**Data shown:**

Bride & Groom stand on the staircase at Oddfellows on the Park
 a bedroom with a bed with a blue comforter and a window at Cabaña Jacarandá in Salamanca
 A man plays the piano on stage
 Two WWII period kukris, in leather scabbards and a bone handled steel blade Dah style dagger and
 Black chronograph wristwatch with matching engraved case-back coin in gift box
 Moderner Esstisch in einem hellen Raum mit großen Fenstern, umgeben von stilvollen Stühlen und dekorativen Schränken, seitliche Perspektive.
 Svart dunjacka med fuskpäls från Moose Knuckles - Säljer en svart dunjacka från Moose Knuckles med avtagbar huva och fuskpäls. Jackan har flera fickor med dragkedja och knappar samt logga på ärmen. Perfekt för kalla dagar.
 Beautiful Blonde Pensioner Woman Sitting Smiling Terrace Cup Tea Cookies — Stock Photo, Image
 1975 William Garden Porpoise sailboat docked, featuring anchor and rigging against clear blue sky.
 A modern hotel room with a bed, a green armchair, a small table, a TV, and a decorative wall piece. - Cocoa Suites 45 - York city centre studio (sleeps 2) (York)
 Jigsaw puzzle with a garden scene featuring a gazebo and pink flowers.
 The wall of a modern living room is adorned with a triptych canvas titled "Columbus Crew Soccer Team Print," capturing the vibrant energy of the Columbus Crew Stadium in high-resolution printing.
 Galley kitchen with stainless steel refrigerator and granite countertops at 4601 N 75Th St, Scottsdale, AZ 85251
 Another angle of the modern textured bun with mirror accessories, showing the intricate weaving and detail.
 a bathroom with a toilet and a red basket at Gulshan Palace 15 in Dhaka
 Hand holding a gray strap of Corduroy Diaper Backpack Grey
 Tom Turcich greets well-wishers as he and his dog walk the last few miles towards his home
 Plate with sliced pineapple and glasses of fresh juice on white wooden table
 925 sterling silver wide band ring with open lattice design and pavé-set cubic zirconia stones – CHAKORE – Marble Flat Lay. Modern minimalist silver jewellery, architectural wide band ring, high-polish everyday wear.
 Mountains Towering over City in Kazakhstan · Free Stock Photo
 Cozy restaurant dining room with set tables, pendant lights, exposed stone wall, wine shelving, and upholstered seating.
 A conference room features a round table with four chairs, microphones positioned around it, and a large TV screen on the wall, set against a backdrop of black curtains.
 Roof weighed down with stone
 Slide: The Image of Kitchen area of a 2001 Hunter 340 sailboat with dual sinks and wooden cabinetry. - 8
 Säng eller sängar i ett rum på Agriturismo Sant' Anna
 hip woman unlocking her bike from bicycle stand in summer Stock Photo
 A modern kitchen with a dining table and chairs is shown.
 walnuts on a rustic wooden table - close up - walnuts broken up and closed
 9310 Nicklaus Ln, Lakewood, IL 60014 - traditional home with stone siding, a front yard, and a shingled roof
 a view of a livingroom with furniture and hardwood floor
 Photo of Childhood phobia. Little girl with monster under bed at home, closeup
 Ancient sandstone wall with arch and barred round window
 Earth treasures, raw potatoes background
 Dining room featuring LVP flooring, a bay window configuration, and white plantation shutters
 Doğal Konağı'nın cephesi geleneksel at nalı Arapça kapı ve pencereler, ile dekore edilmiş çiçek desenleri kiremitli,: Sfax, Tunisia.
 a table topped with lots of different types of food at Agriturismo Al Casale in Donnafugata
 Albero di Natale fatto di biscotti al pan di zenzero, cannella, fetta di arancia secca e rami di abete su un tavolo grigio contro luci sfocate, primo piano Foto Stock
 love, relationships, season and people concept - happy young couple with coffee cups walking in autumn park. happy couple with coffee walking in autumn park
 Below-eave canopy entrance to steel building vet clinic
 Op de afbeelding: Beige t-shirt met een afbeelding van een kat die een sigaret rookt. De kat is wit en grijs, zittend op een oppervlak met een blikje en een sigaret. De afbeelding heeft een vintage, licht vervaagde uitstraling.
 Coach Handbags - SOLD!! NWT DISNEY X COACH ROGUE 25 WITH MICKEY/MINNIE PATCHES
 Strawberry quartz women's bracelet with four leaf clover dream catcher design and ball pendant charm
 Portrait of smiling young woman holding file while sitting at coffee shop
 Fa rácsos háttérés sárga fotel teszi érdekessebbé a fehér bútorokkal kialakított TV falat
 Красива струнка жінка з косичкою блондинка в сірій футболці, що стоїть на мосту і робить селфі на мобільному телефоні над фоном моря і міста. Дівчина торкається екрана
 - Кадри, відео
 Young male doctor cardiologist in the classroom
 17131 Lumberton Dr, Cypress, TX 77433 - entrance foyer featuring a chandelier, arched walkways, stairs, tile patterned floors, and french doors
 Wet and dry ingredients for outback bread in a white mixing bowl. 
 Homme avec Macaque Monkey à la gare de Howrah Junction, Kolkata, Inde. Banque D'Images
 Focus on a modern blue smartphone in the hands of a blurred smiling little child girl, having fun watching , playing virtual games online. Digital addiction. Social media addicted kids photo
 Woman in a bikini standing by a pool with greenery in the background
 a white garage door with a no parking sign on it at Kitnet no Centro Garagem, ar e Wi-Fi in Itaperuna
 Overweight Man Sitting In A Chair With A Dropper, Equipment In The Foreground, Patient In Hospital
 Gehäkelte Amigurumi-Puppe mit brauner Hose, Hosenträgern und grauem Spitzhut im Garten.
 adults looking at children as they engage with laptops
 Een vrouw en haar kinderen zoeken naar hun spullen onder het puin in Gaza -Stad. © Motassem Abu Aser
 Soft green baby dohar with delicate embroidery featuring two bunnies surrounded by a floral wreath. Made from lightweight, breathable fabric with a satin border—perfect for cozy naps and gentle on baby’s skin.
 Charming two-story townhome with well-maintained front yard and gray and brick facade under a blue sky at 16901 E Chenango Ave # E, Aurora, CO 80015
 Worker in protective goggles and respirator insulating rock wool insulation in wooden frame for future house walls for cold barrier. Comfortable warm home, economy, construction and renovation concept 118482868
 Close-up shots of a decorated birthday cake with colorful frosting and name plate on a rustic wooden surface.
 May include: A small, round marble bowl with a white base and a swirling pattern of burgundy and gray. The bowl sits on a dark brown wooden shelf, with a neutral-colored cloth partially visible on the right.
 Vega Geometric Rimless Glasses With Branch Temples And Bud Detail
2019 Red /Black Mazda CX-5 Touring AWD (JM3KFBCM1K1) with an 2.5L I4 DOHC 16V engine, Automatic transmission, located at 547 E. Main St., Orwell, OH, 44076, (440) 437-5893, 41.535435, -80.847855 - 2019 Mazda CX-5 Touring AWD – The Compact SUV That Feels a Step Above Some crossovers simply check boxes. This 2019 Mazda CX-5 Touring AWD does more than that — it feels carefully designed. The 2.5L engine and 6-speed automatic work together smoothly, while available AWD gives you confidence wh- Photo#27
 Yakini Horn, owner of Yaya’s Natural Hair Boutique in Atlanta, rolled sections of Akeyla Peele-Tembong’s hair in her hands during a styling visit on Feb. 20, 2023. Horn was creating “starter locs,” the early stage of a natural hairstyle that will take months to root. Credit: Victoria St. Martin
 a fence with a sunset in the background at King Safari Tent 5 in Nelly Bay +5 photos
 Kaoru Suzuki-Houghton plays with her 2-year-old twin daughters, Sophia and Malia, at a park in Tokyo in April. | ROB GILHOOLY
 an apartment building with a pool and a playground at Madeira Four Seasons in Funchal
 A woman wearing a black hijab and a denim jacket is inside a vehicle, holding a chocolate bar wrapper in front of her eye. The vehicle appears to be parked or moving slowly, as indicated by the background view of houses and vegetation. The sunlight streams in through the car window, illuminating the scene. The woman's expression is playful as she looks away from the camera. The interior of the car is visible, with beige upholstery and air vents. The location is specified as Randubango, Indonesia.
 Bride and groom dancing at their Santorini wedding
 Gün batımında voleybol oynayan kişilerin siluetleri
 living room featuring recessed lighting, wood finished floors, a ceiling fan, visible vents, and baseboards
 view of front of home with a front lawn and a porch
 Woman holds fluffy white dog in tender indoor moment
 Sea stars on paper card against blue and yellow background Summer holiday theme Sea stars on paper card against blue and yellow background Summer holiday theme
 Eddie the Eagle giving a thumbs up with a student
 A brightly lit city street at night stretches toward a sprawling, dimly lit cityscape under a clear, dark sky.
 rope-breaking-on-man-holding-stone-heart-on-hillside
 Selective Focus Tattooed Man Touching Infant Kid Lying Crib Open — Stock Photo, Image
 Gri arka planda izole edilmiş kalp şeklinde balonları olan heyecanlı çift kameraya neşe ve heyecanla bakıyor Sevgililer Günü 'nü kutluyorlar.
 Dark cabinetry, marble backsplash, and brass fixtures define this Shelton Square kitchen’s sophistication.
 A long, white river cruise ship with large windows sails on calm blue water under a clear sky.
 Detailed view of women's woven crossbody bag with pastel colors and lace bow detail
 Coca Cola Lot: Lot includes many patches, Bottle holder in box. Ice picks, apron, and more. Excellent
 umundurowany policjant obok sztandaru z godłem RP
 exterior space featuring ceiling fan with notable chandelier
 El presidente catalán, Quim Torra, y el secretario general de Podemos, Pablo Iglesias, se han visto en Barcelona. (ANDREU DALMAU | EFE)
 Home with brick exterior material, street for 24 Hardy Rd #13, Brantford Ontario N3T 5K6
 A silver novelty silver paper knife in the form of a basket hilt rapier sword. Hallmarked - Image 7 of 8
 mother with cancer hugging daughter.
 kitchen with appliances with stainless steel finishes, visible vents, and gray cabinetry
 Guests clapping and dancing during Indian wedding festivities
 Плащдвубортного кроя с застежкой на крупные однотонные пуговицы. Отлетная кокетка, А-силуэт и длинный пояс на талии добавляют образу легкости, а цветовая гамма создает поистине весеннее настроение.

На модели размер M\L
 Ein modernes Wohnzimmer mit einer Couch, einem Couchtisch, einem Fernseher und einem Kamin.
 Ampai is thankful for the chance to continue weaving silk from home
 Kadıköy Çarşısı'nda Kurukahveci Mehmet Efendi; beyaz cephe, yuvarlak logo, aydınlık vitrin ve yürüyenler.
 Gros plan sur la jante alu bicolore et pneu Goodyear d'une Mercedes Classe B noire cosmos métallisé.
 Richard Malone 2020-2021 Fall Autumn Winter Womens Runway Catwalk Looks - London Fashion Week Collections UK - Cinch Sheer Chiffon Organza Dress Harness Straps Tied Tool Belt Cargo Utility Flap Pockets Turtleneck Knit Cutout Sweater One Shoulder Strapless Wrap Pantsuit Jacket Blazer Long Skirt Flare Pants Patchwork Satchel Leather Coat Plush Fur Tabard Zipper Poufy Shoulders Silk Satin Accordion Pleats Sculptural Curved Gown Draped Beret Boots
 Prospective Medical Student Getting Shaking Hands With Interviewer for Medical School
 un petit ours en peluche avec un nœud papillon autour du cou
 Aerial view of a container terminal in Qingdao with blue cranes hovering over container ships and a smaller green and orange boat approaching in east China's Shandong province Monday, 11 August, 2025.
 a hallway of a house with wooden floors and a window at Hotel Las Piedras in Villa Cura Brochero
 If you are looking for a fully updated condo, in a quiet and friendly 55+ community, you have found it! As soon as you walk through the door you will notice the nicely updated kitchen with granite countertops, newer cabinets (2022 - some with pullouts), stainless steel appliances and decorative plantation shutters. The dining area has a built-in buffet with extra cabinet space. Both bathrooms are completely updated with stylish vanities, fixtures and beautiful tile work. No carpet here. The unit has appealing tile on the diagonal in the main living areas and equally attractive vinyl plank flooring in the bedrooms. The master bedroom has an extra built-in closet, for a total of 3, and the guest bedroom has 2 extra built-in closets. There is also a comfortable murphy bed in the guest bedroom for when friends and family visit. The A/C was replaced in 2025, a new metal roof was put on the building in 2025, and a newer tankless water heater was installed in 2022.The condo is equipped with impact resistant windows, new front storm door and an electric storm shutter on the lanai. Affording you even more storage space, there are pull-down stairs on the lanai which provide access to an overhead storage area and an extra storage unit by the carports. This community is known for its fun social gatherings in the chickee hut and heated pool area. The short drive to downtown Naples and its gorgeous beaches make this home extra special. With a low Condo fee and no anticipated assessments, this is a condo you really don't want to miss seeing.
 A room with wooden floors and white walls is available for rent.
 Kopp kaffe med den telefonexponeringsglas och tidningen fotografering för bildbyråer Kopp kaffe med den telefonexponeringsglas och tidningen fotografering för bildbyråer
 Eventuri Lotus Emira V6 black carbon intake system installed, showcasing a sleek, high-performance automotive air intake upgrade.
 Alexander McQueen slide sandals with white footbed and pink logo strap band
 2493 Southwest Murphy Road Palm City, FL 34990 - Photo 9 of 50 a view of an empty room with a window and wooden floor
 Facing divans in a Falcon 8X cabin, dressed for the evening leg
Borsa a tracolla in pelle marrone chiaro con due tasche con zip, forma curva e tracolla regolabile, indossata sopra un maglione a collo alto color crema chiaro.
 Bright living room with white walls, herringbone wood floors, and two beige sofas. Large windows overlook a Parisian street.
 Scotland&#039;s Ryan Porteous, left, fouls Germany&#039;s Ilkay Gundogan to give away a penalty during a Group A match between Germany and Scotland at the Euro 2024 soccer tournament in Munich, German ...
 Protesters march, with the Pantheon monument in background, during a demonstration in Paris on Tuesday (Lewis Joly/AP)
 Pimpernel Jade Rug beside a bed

**Activity:**
Retype exactly the lines of the data above that fall between the line with "Below-eave canopy entrance" and the line with "Homme avec Macaque", inclusive, and add nothing.

**Solution to the exercise:**
 Below-eave canopy entrance to steel building vet clinic
 Op de afbeelding: Beige t-shirt met een afbeelding van een kat die een sigaret rookt. De kat is wit en grijs, zittend op een oppervlak met een blikje en een sigaret. De afbeelding heeft een vintage, licht vervaagde uitstraling.
 Coach Handbags - SOLD!! NWT DISNEY X COACH ROGUE 25 WITH MICKEY/MINNIE PATCHES
 Strawberry quartz women's bracelet with four leaf clover dream catcher design and ball pendant charm
 Portrait of smiling young woman holding file while sitting at coffee shop
 Fa rácsos háttérés sárga fotel teszi érdekessebbé a fehér bútorokkal kialakított TV falat
 Красива струнка жінка з косичкою блондинка в сірій футболці, що стоїть на мосту і робить селфі на мобільному телефоні над фоном моря і міста. Дівчина торкається екрана
 - Кадри, відео
 Young male doctor cardiologist in the classroom
 17131 Lumberton Dr, Cypress, TX 77433 - entrance foyer featuring a chandelier, arched walkways, stairs, tile patterned floors, and french doors
 Wet and dry ingredients for outback bread in a white mixing bowl. 
 Homme avec Macaque Monkey à la gare de Howrah Junction, Kolkata, Inde. Banque D'Images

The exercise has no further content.